If you are a business reseller in NJ, you can and should obtain Form ST-3 to buy inventory without paying the 6.625% NJ sales tax. Register with NJ via Form NJ-REG (free for sole proprietors) through the NJ Business Gateway Services portal. After receiving your Certificate of Authority, complete Form ST-3 and present it to sellers when purchasing inventory. The certificate can be used at thrift stores, Goodwill, and Salvation Army, though individual stores may decline. It covers inventory purchased for resale only. Using ST-3 for personal items is illegal.

NJ Marketplace Facilitator Law

Under NJ Technical Bulletin TB-83 and P.L. 2018, c. 132, marketplace facilitators (eBay, Poshmark, Amazon, Mercari, etc.) collect and remit NJ's 6.625% sales tax on all platform transactions. You do not need to collect or remit sales tax on marketplace sales. However, for direct sales outside a marketplace (your own website, in-person, flea markets), you are responsible. NJ's economic nexus threshold is $100,000 in gross NJ revenue or 200+ NJ transactions. Important note: clothing and footwear are exempt from NJ sales tax.

Frequently Asked Questions

Do I have to pay taxes on a 1099-K?

The 1099-K itself does not determine your tax. You owe tax on your profit (gross receipts minus cost of goods sold and deductible expenses), not on the gross amount shown on the form. If you sold personal items at a loss, you owe $0.

What if I didn't get a 1099-K? Do I still need to report?

Yes. The $20,000/200-transaction threshold is a platform reporting requirement, not a tax exemption. All income is taxable regardless of whether a form is issued (IRC Section 61(a)). If you have net self-employment earnings of $400 or more, you must file.

What if my 1099-K is wrong or includes personal transactions?

Contact the issuer (the "Filer" field on the form) and request a corrected 1099-K. The IRS explicitly states: "Don't contact the IRS. We can't correct your Form 1099-K." If the platform will not correct it, file your return on time using the Schedule 1 offset method (Line 8z and Line 24z) to zero out the erroneous amount.

Is money from friends and family on Venmo or PayPal taxable?

No, as long as the payments are genuinely personal (splitting dinner, rent reimbursement, birthday gifts). Only payments tagged as Goods and Services count toward the 1099-K threshold. If personal payments were incorrectly classified, request a corrected form from PayPal/Venmo. Use the Schedule 1 offset method if correction is not possible.

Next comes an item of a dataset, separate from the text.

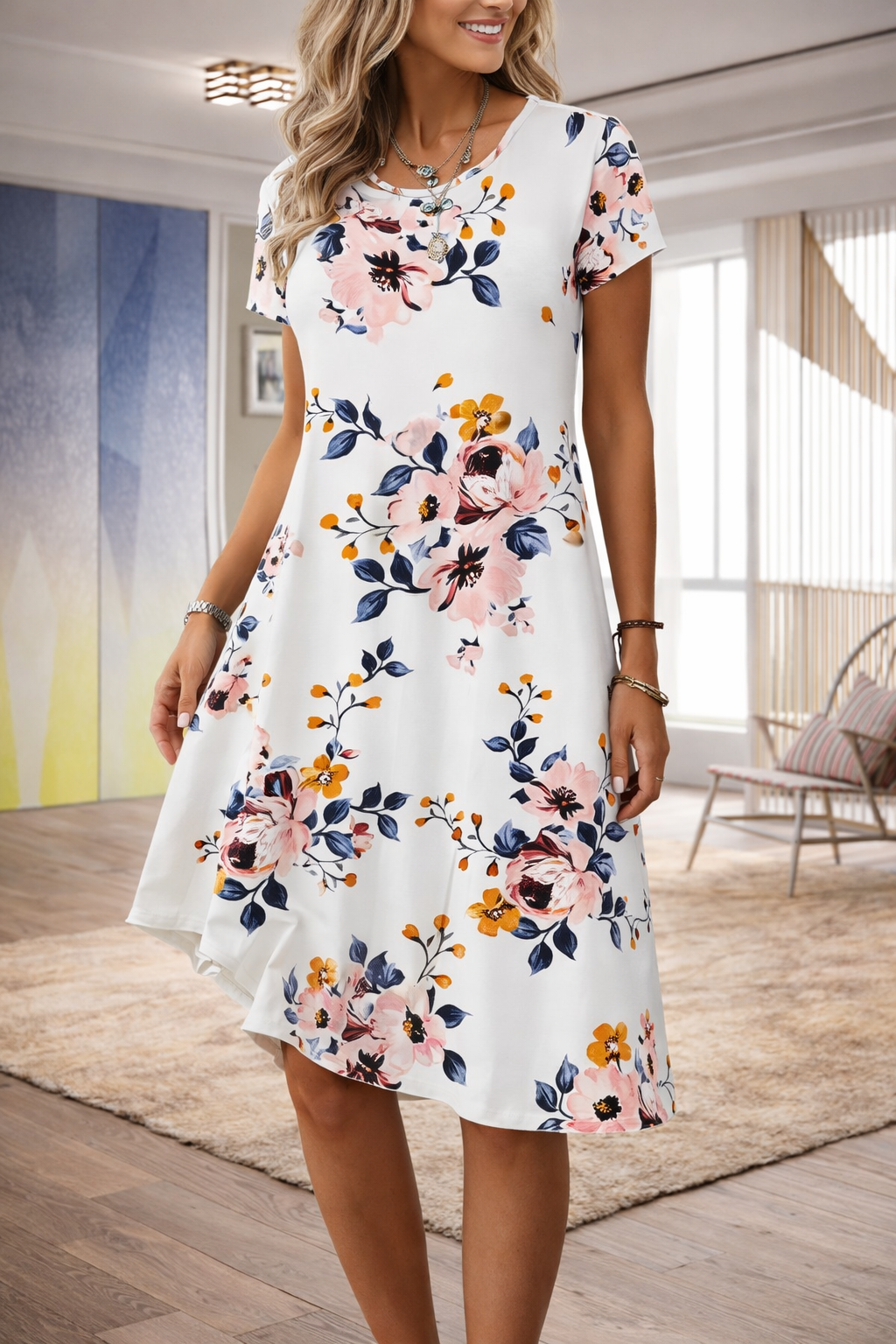 Floral Print Elizabeth Ainsley Summer A-Line Dress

Do I owe self-employment tax on my 1099-K income?

It depends on your scenario. Personal items sold at a loss: no tax at all. Hobby income: ordinary income tax, but no SE tax. Business reselling (Schedule C): both income tax and 15.3% SE tax on net profit.

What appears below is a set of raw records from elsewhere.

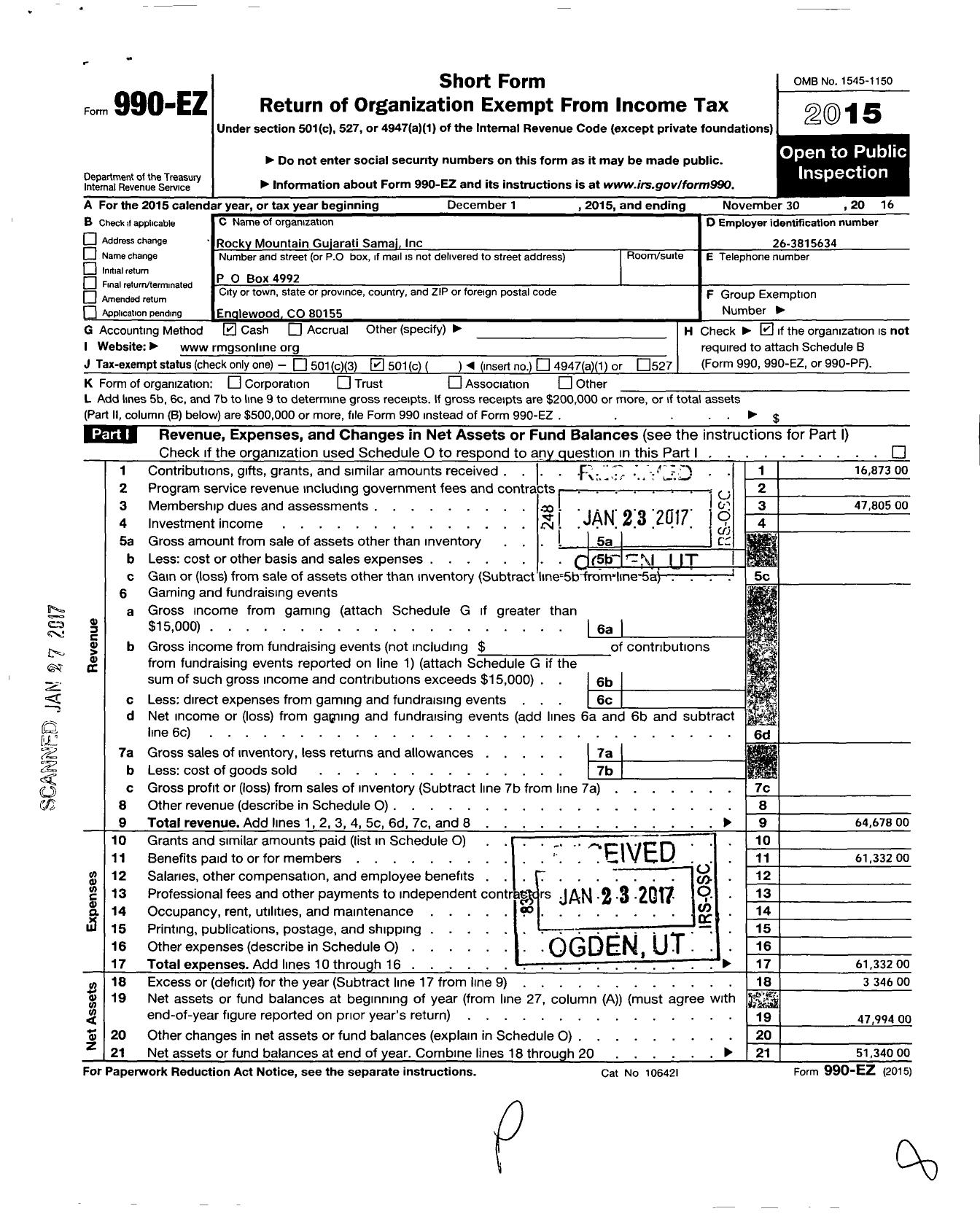 Image of first page of 2015 Form 990EO for Rocky Mountain Gujarati Samaj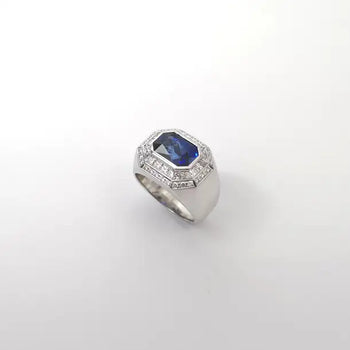 JR0707L - Blue Sapphire with Diamond Ring set in Platinum 950 Setting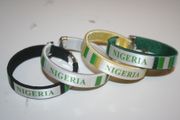 4 NIGERIA COUNTRY FLAG FLEXIBLE C BRACELETS WRISTBANDS ... NEW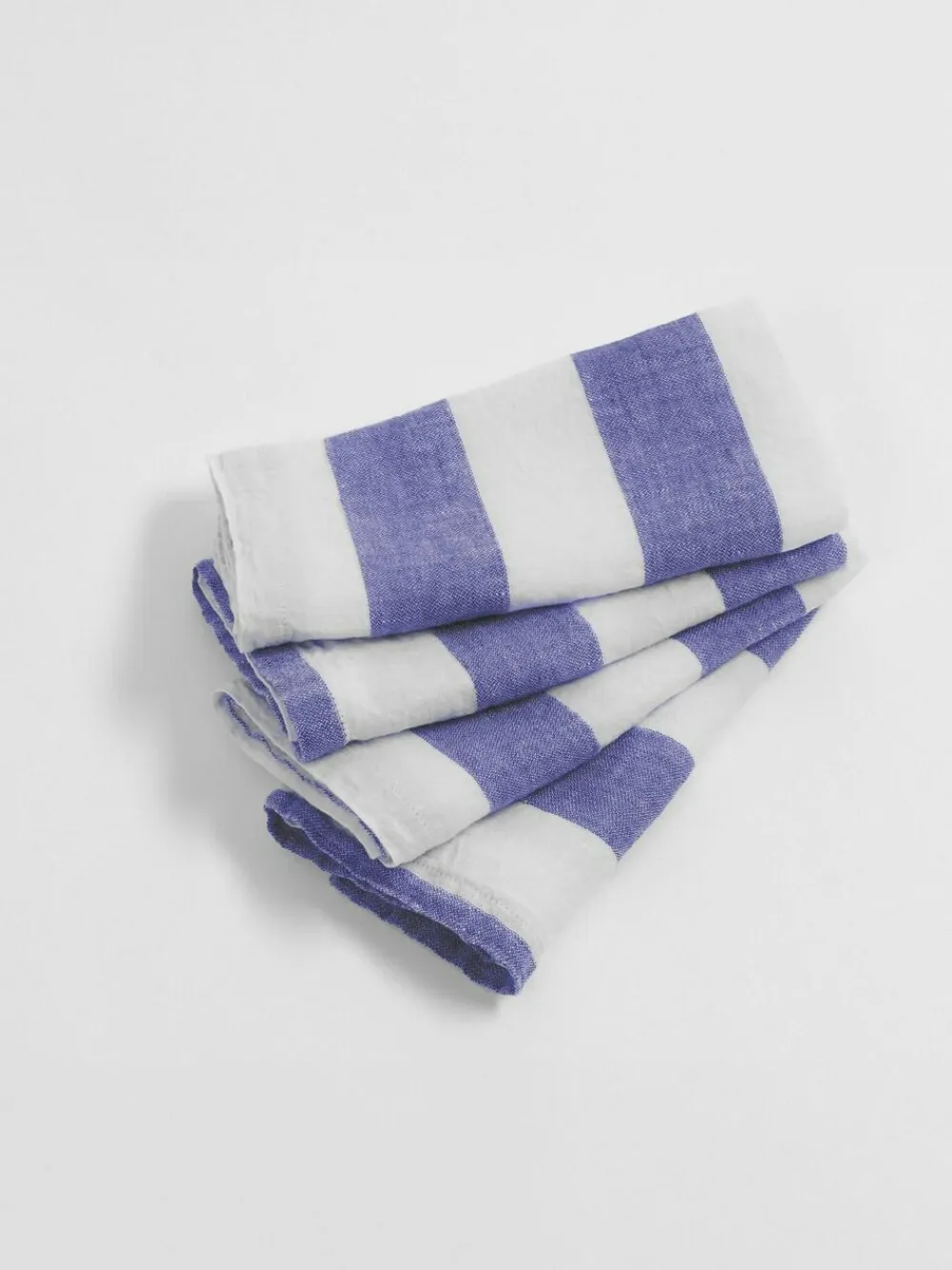 Discount Secret Linen Store Set of 4 Cobalt Wide Stripe 100% Linen Napkins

I sold personal items at a loss but got a 1099-K. What do I do?

Report the gross amount on Schedule 1, Part I, Line 8z ("Form 1099-K Personal Item Sold at a Loss") and the same amount on Part II, Line 24z. Net effect: $0 on AGI. Keep records proving the original purchase price exceeded the sale price.

When do I need to start making quarterly estimated tax payments?

When you expect to owe $1,000 or more in federal tax for the year (IRC Section 6654). NJ residents: when you expect to owe more than $400 in NJ tax (N.J.S.A. 54A:8-4). Use Form 1040-ES (federal) and NJ-1040-ES (state). Quarterly due dates: April 15, June 15, September 15, and January 15.

Circular 230 Disclosure: This post provides general tax information and is not a substitute for personalized tax advice. Consult a qualified tax professional for advice specific to your situation.